### TASK ITEM
In the data that follows, find the line with "3109 Orange Avenue - Photo 1"; transcribe it, every later line up to the one with "Penny Pouch", and that line as well, exactly and with no others.

(Web page caption snippets)
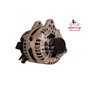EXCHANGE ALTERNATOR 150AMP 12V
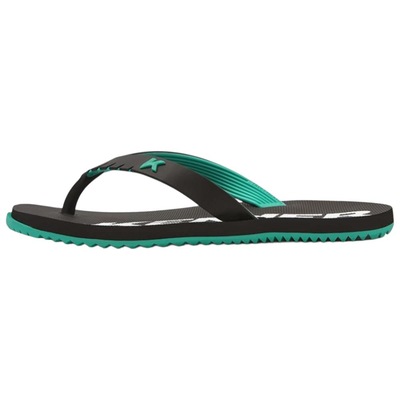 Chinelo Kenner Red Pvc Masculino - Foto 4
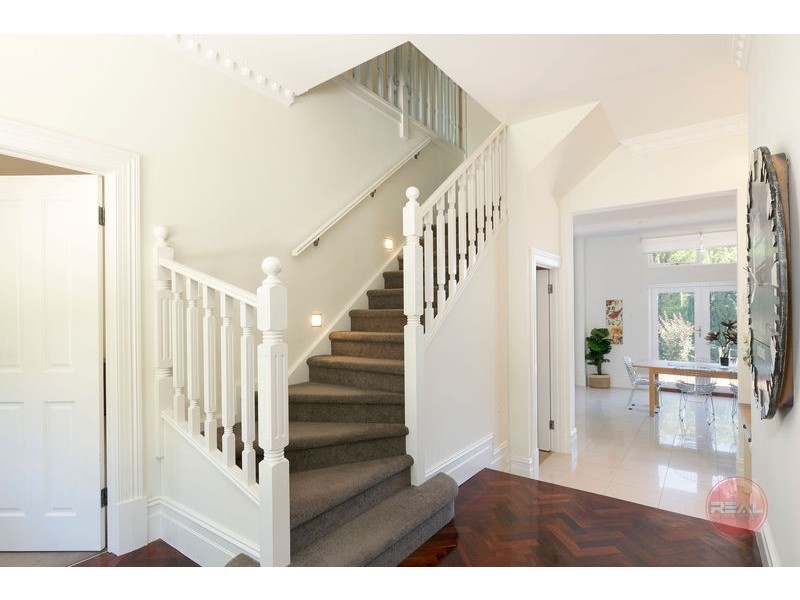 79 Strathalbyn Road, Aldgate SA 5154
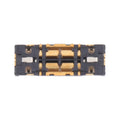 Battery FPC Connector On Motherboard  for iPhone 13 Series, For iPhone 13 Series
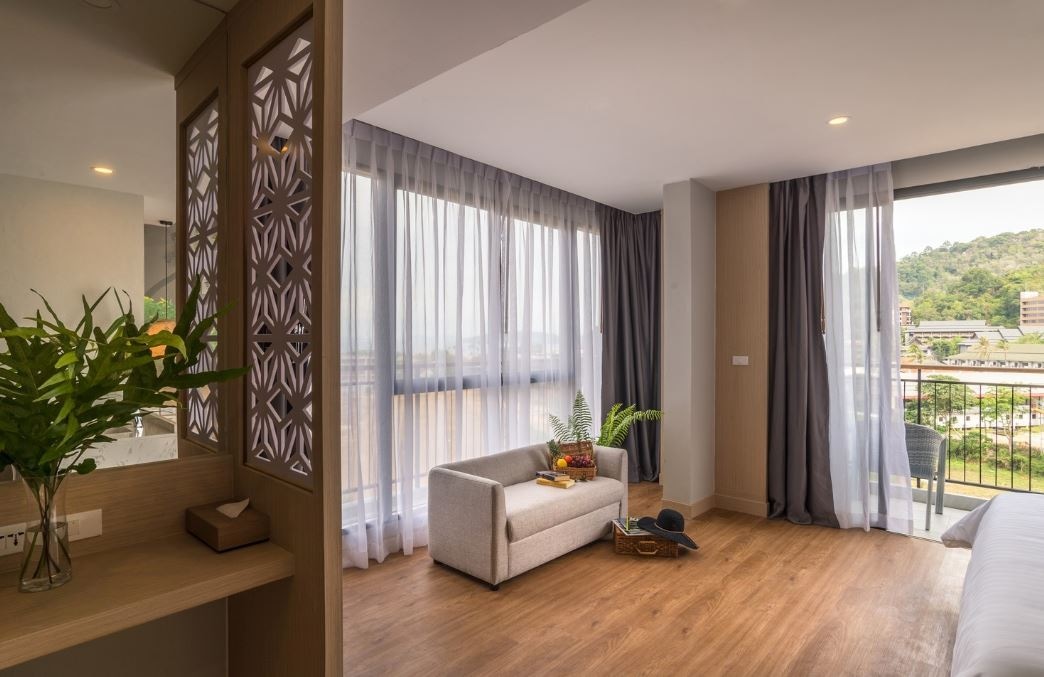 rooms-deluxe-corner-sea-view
* * *
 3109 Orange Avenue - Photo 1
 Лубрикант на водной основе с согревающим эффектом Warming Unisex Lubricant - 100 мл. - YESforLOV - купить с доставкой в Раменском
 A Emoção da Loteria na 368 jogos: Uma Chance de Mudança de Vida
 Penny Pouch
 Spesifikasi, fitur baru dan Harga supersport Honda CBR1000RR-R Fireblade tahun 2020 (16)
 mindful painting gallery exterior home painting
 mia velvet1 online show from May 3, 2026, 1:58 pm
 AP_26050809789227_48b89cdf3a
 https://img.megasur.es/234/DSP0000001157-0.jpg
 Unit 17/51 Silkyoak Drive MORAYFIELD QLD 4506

### RESULT BELOW
 3109 Orange Avenue - Photo 1
 Лубрикант на водной основе с согревающим эффектом Warming Unisex Lubricant - 100 мл. - YESforLOV - купить с доставкой в Раменском
 A Emoção da Loteria na 368 jogos: Uma Chance de Mudança de Vida
 Penny Pouch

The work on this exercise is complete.